(Dataset records begins)

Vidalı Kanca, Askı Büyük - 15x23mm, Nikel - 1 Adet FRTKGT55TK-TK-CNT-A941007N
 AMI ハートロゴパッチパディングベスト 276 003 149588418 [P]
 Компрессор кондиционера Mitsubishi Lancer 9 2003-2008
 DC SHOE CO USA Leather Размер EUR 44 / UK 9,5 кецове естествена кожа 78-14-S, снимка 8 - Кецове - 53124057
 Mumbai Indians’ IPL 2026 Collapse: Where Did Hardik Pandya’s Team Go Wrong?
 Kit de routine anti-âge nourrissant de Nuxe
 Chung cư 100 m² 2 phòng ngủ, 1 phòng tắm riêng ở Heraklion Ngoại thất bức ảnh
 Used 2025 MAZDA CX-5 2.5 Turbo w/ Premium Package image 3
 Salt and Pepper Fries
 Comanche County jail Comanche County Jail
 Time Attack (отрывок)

(Dataset records ends)

**Task details**
In full and exactly, transcribe the material above.

**Answer to the exercise**
Vidalı Kanca, Askı Büyük - 15x23mm, Nikel - 1 Adet FRTKGT55TK-TK-CNT-A941007N
 AMI ハートロゴパッチパディングベスト 276 003 149588418 [P]
 Компрессор кондиционера Mitsubishi Lancer 9 2003-2008
 DC SHOE CO USA Leather Размер EUR 44 / UK 9,5 кецове естествена кожа 78-14-S, снимка 8 - Кецове - 53124057
 Mumbai Indians’ IPL 2026 Collapse: Where Did Hardik Pandya’s Team Go Wrong?
 Kit de routine anti-âge nourrissant de Nuxe
 Chung cư 100 m² 2 phòng ngủ, 1 phòng tắm riêng ở Heraklion Ngoại thất bức ảnh
 Used 2025 MAZDA CX-5 2.5 Turbo w/ Premium Package image 3
 Salt and Pepper Fries
 Comanche County jail Comanche County Jail
 Time Attack (отрывок)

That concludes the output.